Consistency Rule

Written by RWC Capital Funding
Updated 4 weeks ago

Definition:
The consistency rule states that no single day or individual trade can account for more than 30% of the profits that will later be withdrawn.
Its purpose is to ensure that profits come from consistent and sustainable performance, rather than one oversized trade being responsible for most of the gains.

Explanation:

  • It is applied to the total withdrawal amount requested.

  • If a trader wants to withdraw, for example, $1,000 in profits, no single day or trade can exceed $300 (30%).

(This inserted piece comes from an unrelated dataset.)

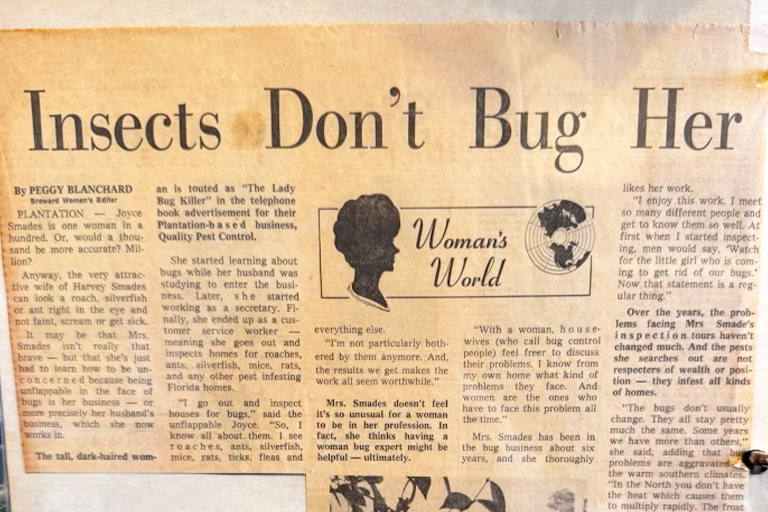 Pest Control History 1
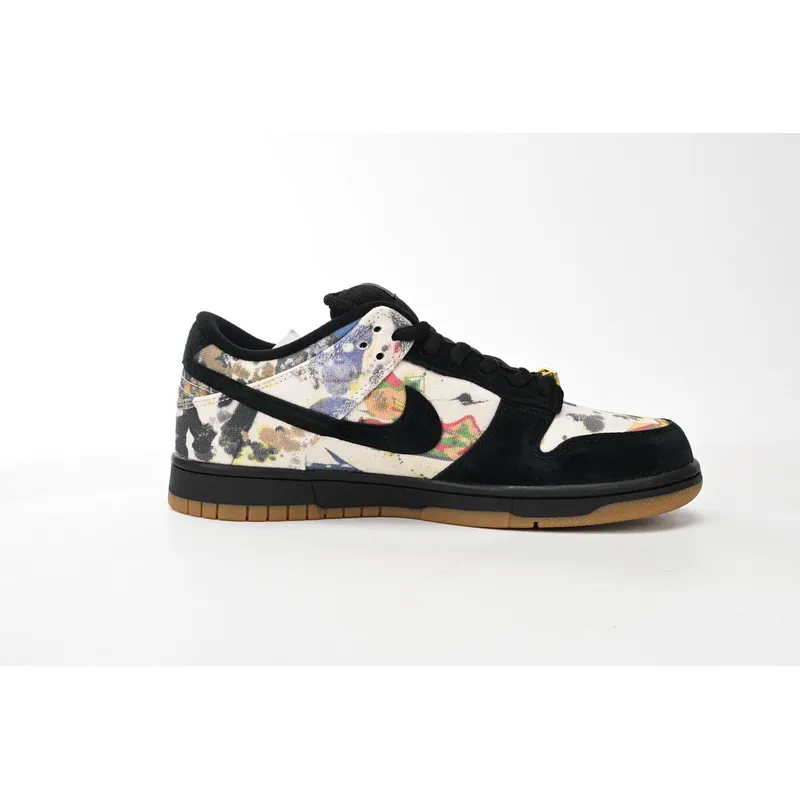 high quality batch S*p*e x nike sb dunk “rammellzee” fd8778-001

  • This ensures that profits have been generated through steady trading performance, and not from a single high-risk position.

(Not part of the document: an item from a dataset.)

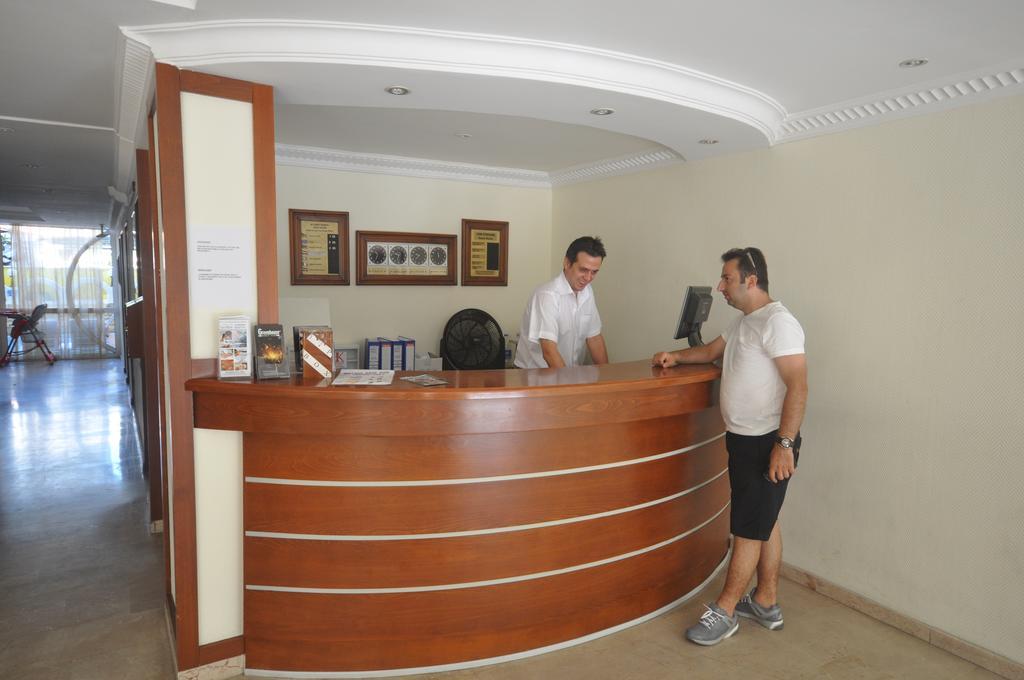 Sun Maris City Hotel مرمريس المظهر الخارجي الصورة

  • The rule promotes a professional trading style, similar to what is required by institutional investment firms.

Example 1 (rule respected):

  • Initial balance: $10,000

  • Total profit: $1,000

  • Withdrawal request: $1,000

  • The trader had 5 trading days:

    • Day 1: +$150

    • Day 2: +$200

    • Day 3: +$250

    • Day 4: +$200

    • Day 5: +$200

👉 No single day exceeds 30% of the total ($300), so the consistency rule is respected and the withdrawal is approved.

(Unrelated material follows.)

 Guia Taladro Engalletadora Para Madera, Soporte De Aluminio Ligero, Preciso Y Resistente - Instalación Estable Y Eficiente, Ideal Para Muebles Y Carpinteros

Example 2 (rule violated):

  • Initial balance: $10,000

  • Total profit: $1,000

  • Withdrawal request: $1,000

  • The trader had 3 trading days:

    • Day 1: +$700

    • Day 2: +$200

    • Day 3: +$100

👉 In this case, Day 1 represents 70% of the total profits, which breaks the consistency rule (maximum allowed: 30%). The withdrawal will not be approved.

In summary:

  • The consistency rule is 30%.

  • No day or trade may represent more than 30% of the total withdrawal amount.

  • It ensures traders maintain a disciplined, consistent, and professional performance, reducing the risk of depending on a single oversized trade.